▶ INPUT MATERIAL:

******************************

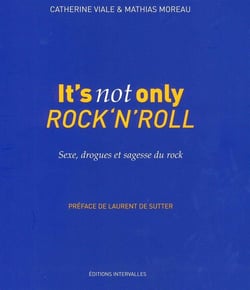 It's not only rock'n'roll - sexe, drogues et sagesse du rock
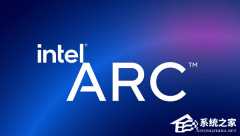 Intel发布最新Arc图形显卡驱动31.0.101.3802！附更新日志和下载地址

******************************

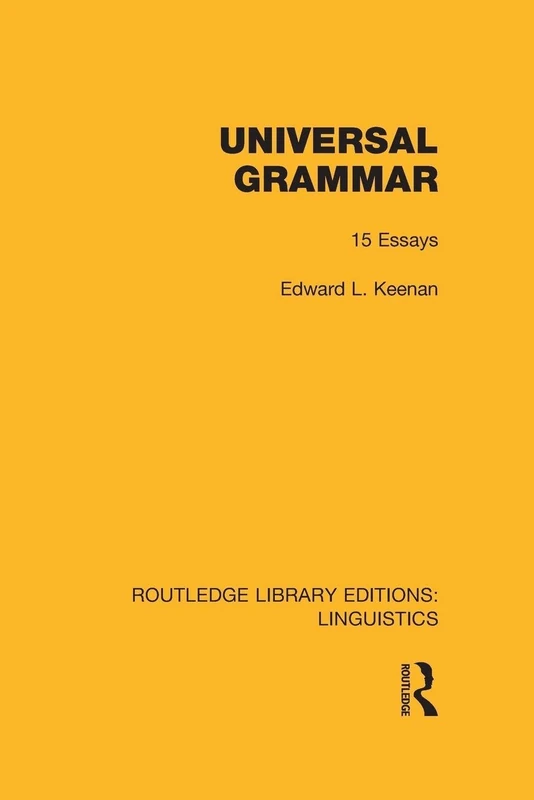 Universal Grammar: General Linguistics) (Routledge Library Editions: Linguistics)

******************************

▶ WHAT THE TASK REQUIRES:
From the listing above, please give again the lines that begin with the line holding "It's not only" and go on through the line holding "Intel发布最新Arc图形", exactly, both ends included, minus any picture.

▶ RESPONSE FOR THIS EXERCISE:
 It's not only rock'n'roll - sexe, drogues et sagesse du rock
 Intel发布最新Arc图形显卡驱动31.0.101.3802！附更新日志和下载地址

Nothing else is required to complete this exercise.